• **Records for this exercise**
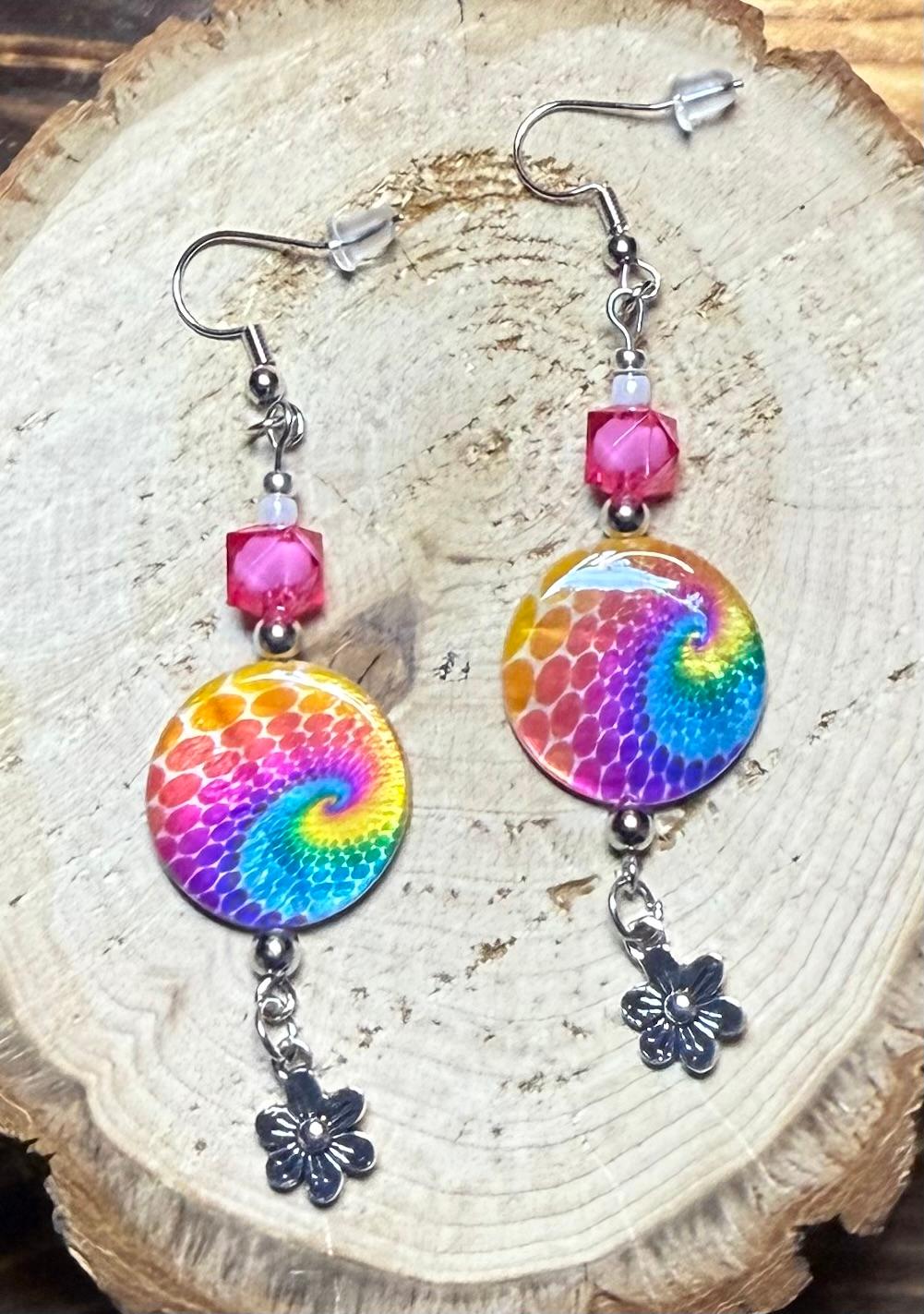 NEW Round Hippie Tie Dye Coin Shaped Earrings w/ Flower Charms & Beads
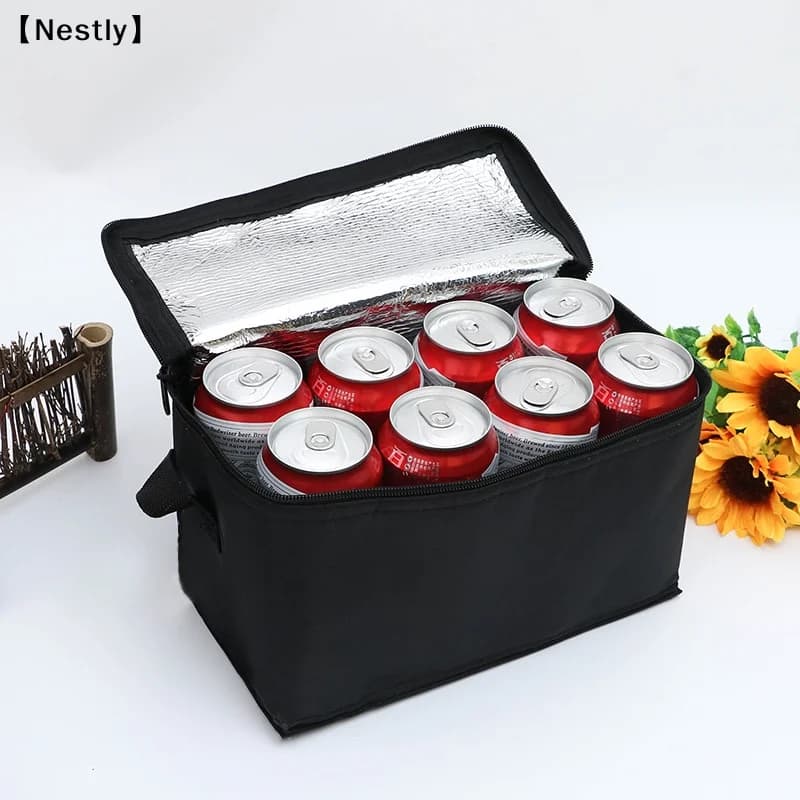 Borsa Termica Portatile per Esterni, Contenitore Isolato per Alimenti e Bevande, Borsa Bento per Campeggio, BBQ, Picnic, con Chiusura a Zip〔Nest〕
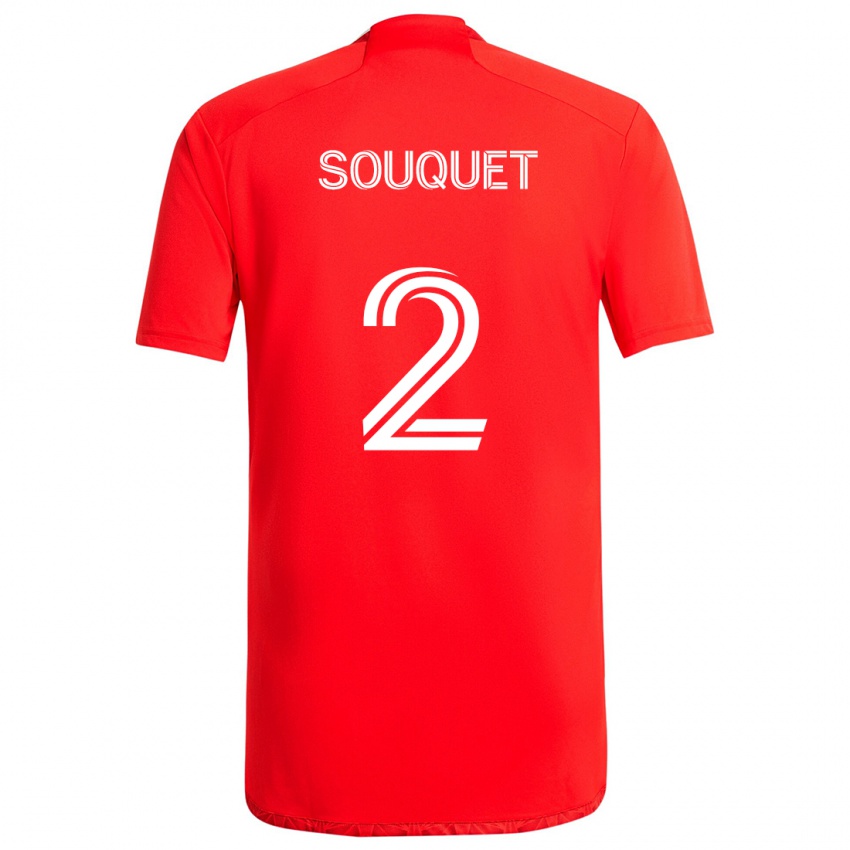 Niño Camiseta Arnaud Souquet #2 Rojo Blanco 1ª Equipación 2024/25 La Camisa Chile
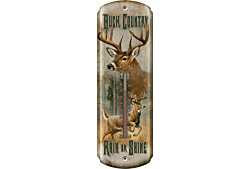 RIVERS EDGE THERMOMETER "BUCK COUNTRY-RAIN OR SHINE"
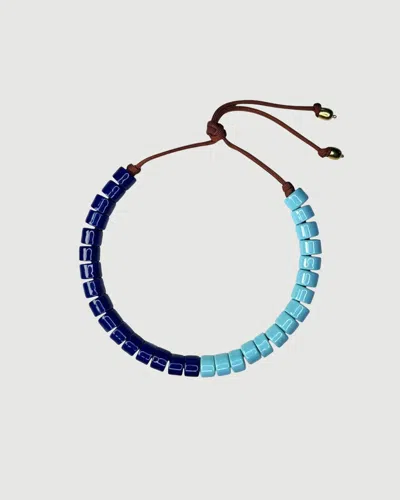 Her New Tribe Pool & Space Split Candy Bead Two Necklace In Blue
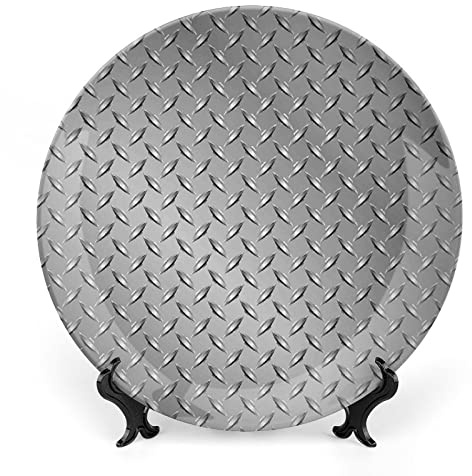 XISUNYA 8 Inch Decorative Plate, Grey Ceramic Craft, Wire Fence Design Diamond Plate Effects Print Ceramic Display Plate for Decorative Ornaments Giving Plates, 1 Plate with 1 Display Stand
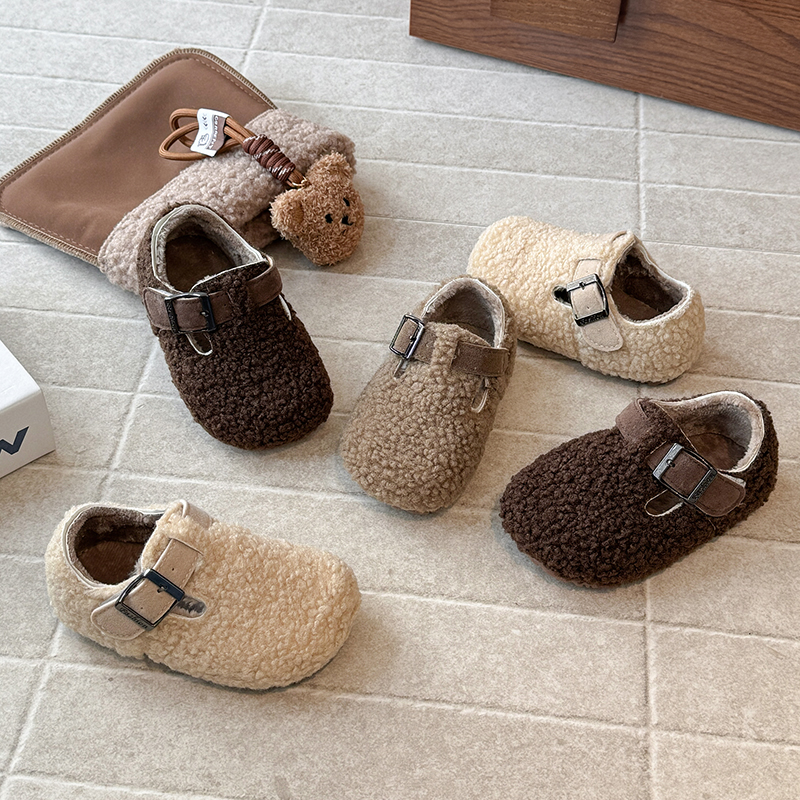 女童毛毛鞋秋冬新款儿童勃肯鞋保暖板鞋男中童休闲二棉鞋加绒棉鞋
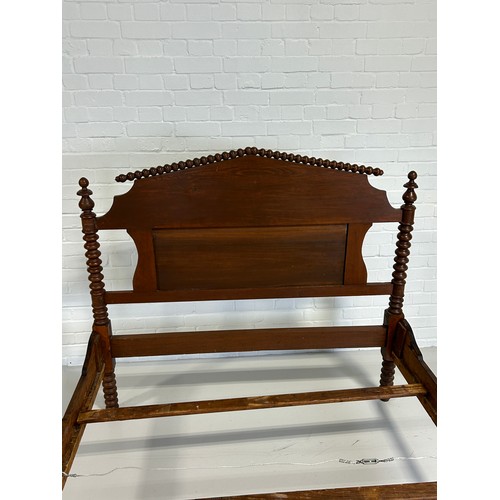 452 - A LARGE 19TH CENTURY MAHOGANY TURNED BED,

204cm x 144cm x 129cm (headboard height).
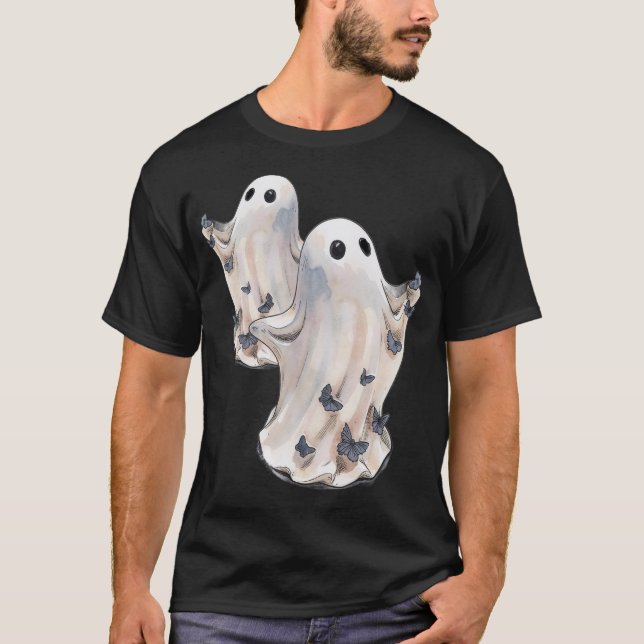 Camiseta Fantasma com borboletas de Halloween  (Frente)
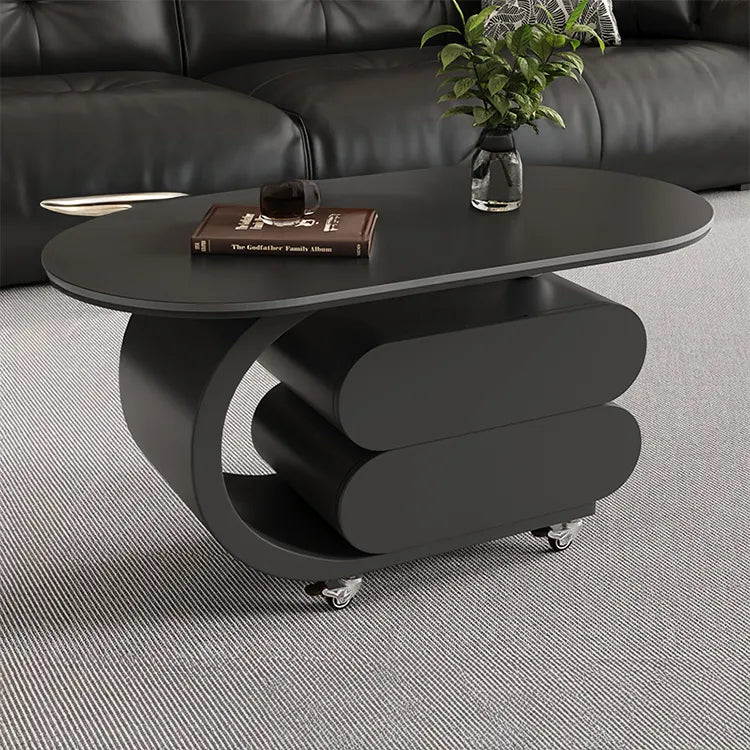 Coffee table COLOR1 White Black Sintered Stone Solid wood htyjj-6572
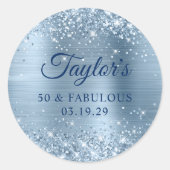 Sticker Rond Glittery Light Blue Foil 50 & Fabulous (Devant)
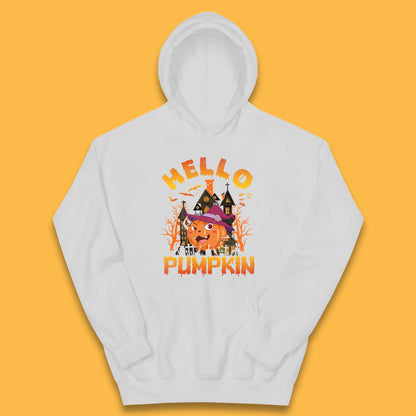 Hello Pumpkin Cartoon Halloween Pumpkin With Witch Hat Devil Smile Haunted Castle Kids Hoodie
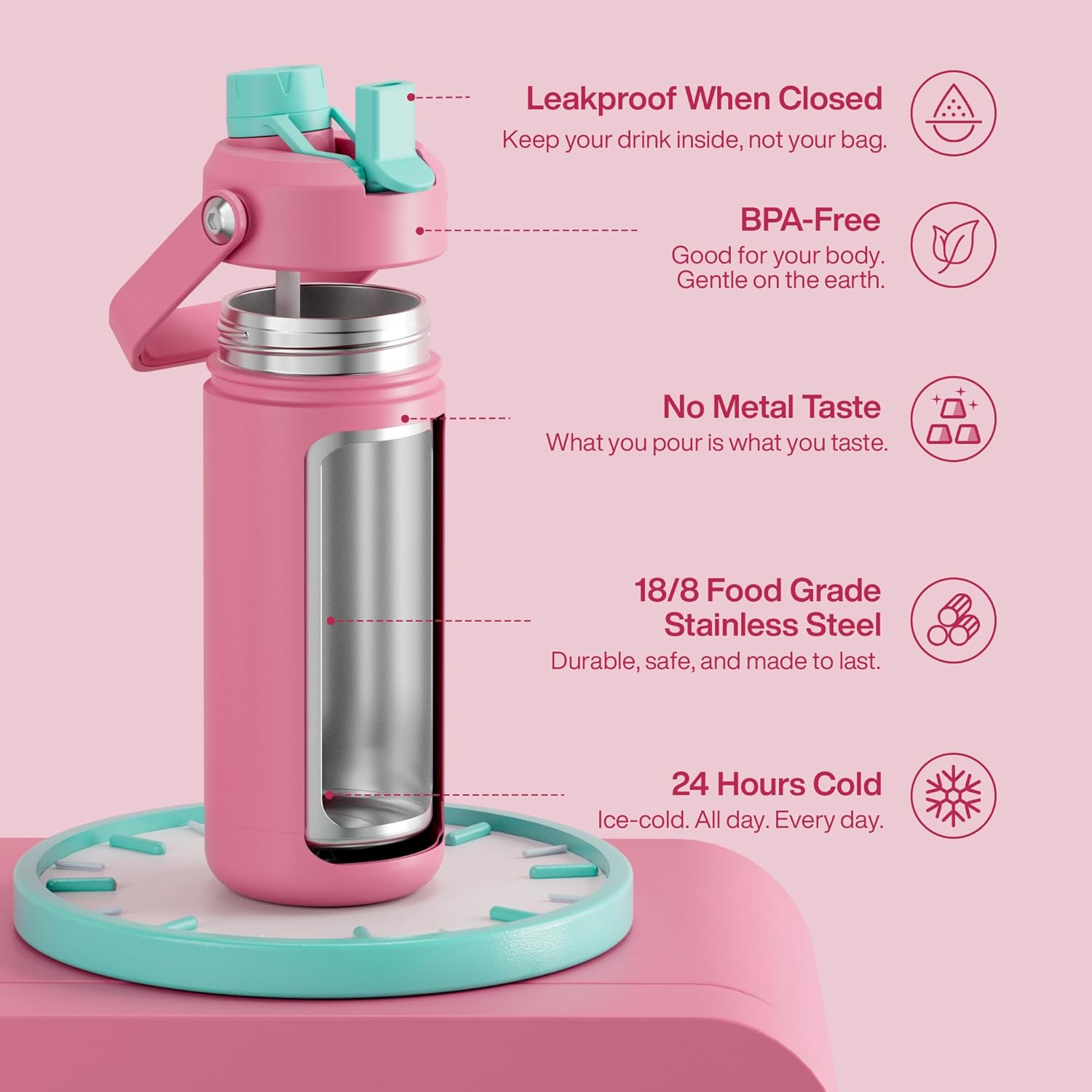 ENCOOL Insulated Water Bottle with Straw Stainless Steel Water Bottle, Leak-Proof, BPA-Free, Double Wall Vacuum Keeps Cold for 24 Hours for Sports, Travel, School (18 oz, Tulip)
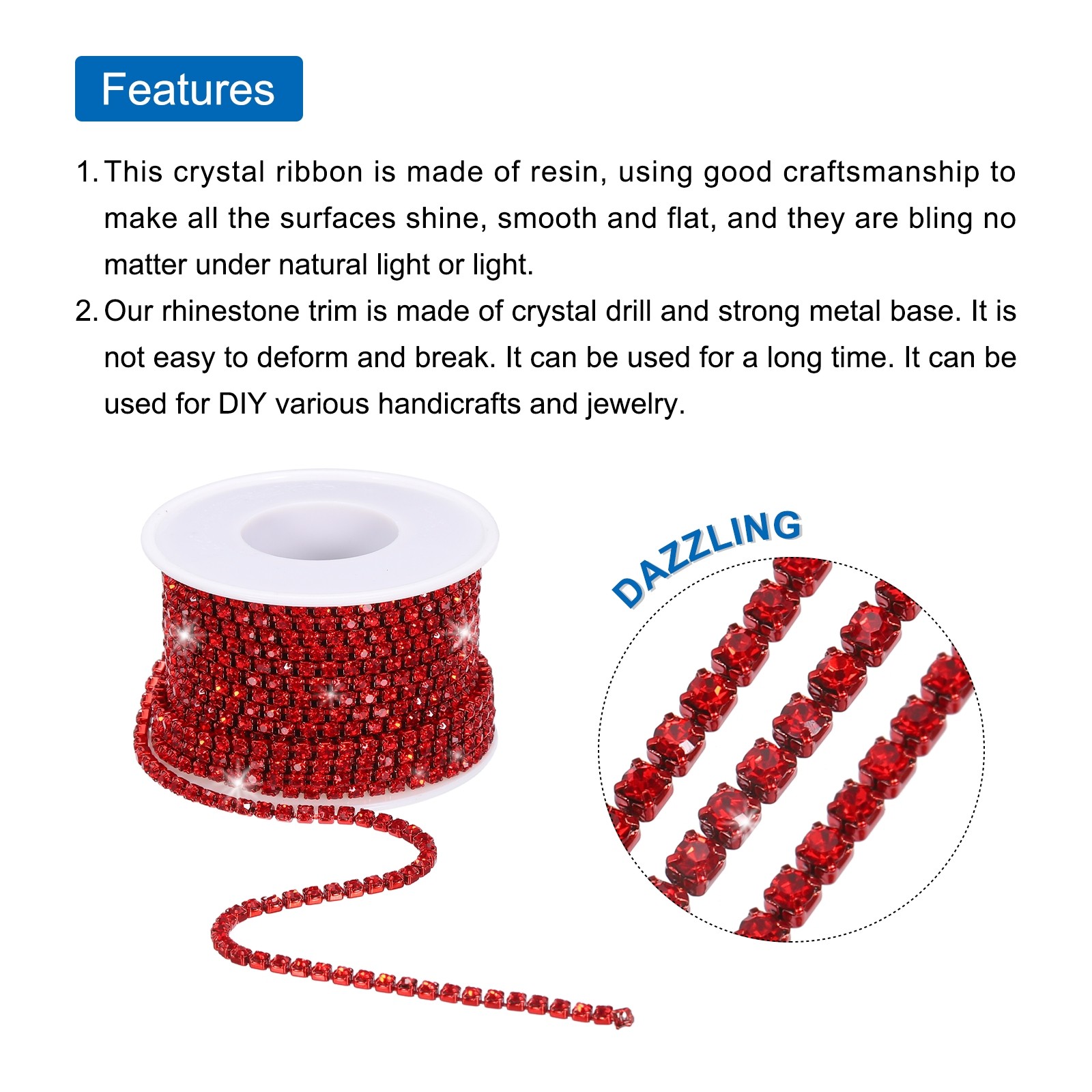 10 Yard 3mm Crystal Rhinestone Chain Trim Red Gems Red Base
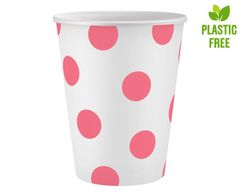 GoDan Papierové poháre s bodkami ružové 250 ml 6ks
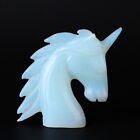 4.5" Synthesis Opalite Quartz Crystal Hand Carved Unicorn Carving 064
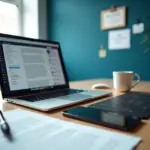 Фрилансер подписывает договор на оказание услуг за ноутбуком в современном рабочем пространстве с элементами digital профессий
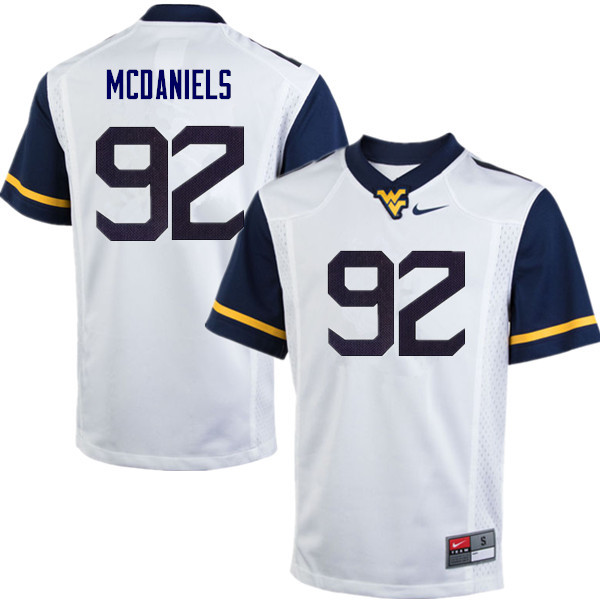 NCAA Men's Dalton McDaniels West Virginia Mountaineers White #92 Nike Stitched Football College Authentic Jersey LY23E66TL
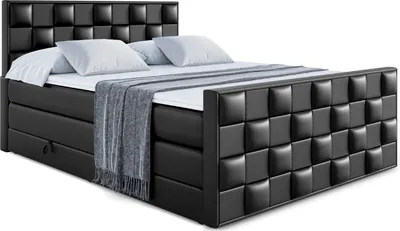 Produktbild von ALTDECOR Boxspringbett mit H3 Matratze-Bonellfederung, H4 Multipocket-Matratze, PUR, Topper (4 cm hoch), Polsterbett mit Kopfteil und Bettkasten - ZAFIRA KING - 200x200-Schwarz Kunstleder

• **Problem description**
Please transcribe the material above exactly as written. Leave the pictures out.

• **Output of the task**
 NEW Round Hippie Tie Dye Coin Shaped Earrings w/ Flower Charms & Beads
 Borsa Termica Portatile per Esterni, Contenitore Isolato per Alimenti e Bevande, Borsa Bento per Campeggio, BBQ, Picnic, con Chiusura a Zip〔Nest〕
 Niño Camiseta Arnaud Souquet #2 Rojo Blanco 1ª Equipación 2024/25 La Camisa Chile
 RIVERS EDGE THERMOMETER "BUCK COUNTRY-RAIN OR SHINE"
 Her New Tribe Pool & Space Split Candy Bead Two Necklace In Blue
 XISUNYA 8 Inch Decorative Plate, Grey Ceramic Craft, Wire Fence Design Diamond Plate Effects Print Ceramic Display Plate for Decorative Ornaments Giving Plates, 1 Plate with 1 Display Stand
 女童毛毛鞋秋冬新款儿童勃肯鞋保暖板鞋男中童休闲二棉鞋加绒棉鞋
 452 - A LARGE 19TH CENTURY MAHOGANY TURNED BED,

204cm x 144cm x 129cm (headboard height).
 Camiseta Fantasma com borboletas de Halloween  (Frente)
 Coffee table COLOR1 White Black Sintered Stone Solid wood htyjj-6572
 Sticker Rond Glittery Light Blue Foil 50 & Fabulous (Devant)
 Hello Pumpkin Cartoon Halloween Pumpkin With Witch Hat Devil Smile Haunted Castle Kids Hoodie
 ENCOOL Insulated Water Bottle with Straw Stainless Steel Water Bottle, Leak-Proof, BPA-Free, Double Wall Vacuum Keeps Cold for 24 Hours for Sports, Travel, School (18 oz, Tulip)
 10 Yard 3mm Crystal Rhinestone Chain Trim Red Gems Red Base
 GoDan Papierové poháre s bodkami ružové 250 ml 6ks
 4.5" Synthesis Opalite Quartz Crystal Hand Carved Unicorn Carving 064
 Фрилансер подписывает договор на оказание услуг за ноутбуком в современном рабочем пространстве с элементами digital профессий
 NCAA Men's Dalton McDaniels West Virginia Mountaineers White #92 Nike Stitched Football College Authentic Jersey LY23E66TL
 Produktbild von ALTDECOR Boxspringbett mit H3 Matratze-Bonellfederung, H4 Multipocket-Matratze, PUR, Topper (4 cm hoch), Polsterbett mit Kopfteil und Bettkasten - ZAFIRA KING - 200x200-Schwarz Kunstleder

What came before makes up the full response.